### What to do
The stretch wanted below opens at the line containing "Used Mercedes-Benz Vito" and closes at the line containing "Roland RE-201 Space Echo - Image 10". Please return it exactly, with no other lines.

### Task input
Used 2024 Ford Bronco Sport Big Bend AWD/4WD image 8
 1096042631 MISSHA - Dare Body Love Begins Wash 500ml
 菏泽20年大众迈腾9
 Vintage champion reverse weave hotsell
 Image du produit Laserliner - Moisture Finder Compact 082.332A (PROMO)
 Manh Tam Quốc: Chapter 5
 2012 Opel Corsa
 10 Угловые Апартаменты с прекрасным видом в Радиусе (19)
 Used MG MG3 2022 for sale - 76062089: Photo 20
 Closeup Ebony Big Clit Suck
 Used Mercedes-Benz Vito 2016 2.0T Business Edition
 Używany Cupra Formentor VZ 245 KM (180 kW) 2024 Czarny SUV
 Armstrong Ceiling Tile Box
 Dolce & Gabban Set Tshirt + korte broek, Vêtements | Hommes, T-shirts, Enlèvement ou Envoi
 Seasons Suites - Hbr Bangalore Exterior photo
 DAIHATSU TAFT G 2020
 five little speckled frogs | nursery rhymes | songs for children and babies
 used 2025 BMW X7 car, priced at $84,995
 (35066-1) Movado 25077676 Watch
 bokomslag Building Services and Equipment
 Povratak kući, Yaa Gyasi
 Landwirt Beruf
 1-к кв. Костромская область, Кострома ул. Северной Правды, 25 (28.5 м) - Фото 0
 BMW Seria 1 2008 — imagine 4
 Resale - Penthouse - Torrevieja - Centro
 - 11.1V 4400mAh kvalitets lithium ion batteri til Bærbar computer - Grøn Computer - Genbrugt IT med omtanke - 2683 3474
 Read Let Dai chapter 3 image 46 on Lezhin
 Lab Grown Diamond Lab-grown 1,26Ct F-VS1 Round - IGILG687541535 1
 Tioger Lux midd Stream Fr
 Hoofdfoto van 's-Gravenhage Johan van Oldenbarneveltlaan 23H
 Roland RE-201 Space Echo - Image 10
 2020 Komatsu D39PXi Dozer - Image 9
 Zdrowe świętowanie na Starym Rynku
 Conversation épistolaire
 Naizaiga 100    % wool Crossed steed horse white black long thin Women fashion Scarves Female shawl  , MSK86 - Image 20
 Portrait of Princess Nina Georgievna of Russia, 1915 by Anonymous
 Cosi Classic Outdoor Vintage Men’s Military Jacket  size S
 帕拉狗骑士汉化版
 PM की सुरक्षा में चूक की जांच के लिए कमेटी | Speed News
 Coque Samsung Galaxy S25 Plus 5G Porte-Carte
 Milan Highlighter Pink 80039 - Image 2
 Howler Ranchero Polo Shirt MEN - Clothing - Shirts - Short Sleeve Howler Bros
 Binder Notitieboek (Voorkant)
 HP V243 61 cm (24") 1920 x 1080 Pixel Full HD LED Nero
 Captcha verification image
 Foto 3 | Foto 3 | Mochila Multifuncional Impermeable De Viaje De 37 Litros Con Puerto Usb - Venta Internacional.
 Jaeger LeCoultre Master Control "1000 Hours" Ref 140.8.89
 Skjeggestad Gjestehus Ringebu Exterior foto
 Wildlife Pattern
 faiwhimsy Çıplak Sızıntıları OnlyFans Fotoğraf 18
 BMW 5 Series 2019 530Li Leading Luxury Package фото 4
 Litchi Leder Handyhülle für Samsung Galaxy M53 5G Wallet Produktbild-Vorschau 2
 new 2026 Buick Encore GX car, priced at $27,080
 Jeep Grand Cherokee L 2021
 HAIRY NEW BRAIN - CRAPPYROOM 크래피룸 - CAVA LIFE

### Problem solution
 Used Mercedes-Benz Vito 2016 2.0T Business Edition
 Używany Cupra Formentor VZ 245 KM (180 kW) 2024 Czarny SUV
 Armstrong Ceiling Tile Box
 Dolce & Gabban Set Tshirt + korte broek, Vêtements | Hommes, T-shirts, Enlèvement ou Envoi
 Seasons Suites - Hbr Bangalore Exterior photo
 DAIHATSU TAFT G 2020
 five little speckled frogs | nursery rhymes | songs for children and babies
 used 2025 BMW X7 car, priced at $84,995
 (35066-1) Movado 25077676 Watch
 bokomslag Building Services and Equipment
 Povratak kući, Yaa Gyasi
 Landwirt Beruf
 1-к кв. Костромская область, Кострома ул. Северной Правды, 25 (28.5 м) - Фото 0
 BMW Seria 1 2008 — imagine 4
 Resale - Penthouse - Torrevieja - Centro
 - 11.1V 4400mAh kvalitets lithium ion batteri til Bærbar computer - Grøn Computer - Genbrugt IT med omtanke - 2683 3474
 Read Let Dai chapter 3 image 46 on Lezhin
 Lab Grown Diamond Lab-grown 1,26Ct F-VS1 Round - IGILG687541535 1
 Tioger Lux midd Stream Fr
 Hoofdfoto van 's-Gravenhage Johan van Oldenbarneveltlaan 23H
 Roland RE-201 Space Echo - Image 10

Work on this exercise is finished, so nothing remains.